WHAT TO WORK ON: The answer must consist of each line of the records below that contains the string "Chapter".

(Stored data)

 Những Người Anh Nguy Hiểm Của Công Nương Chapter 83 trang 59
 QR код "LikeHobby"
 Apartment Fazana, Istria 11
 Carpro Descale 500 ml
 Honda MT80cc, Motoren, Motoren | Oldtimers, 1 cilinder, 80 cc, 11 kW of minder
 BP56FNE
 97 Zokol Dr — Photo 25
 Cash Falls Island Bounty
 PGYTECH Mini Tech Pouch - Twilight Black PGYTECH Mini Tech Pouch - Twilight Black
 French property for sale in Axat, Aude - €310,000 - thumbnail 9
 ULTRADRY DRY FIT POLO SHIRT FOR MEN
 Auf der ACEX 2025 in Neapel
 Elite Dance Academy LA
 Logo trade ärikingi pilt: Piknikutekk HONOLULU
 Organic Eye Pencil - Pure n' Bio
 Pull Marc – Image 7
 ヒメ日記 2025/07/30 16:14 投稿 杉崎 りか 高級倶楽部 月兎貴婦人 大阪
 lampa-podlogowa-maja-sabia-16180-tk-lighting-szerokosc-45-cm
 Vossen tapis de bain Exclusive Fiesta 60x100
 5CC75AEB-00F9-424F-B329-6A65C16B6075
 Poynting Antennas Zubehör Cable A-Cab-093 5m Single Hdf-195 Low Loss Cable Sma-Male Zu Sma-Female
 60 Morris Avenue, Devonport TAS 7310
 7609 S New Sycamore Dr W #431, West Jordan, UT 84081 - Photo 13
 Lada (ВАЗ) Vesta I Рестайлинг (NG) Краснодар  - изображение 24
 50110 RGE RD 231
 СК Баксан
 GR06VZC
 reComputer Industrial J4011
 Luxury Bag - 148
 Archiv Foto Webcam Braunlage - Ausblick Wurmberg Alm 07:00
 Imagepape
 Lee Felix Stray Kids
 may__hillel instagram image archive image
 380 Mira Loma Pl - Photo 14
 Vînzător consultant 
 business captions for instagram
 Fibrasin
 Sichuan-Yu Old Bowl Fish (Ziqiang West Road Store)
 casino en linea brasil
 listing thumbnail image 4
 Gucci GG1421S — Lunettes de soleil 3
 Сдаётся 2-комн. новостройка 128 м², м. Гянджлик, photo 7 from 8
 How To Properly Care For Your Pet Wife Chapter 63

RESULT OF THE EXERCISE:
 Những Người Anh Nguy Hiểm Của Công Nương Chapter 83 trang 59
 How To Properly Care For Your Pet Wife Chapter 63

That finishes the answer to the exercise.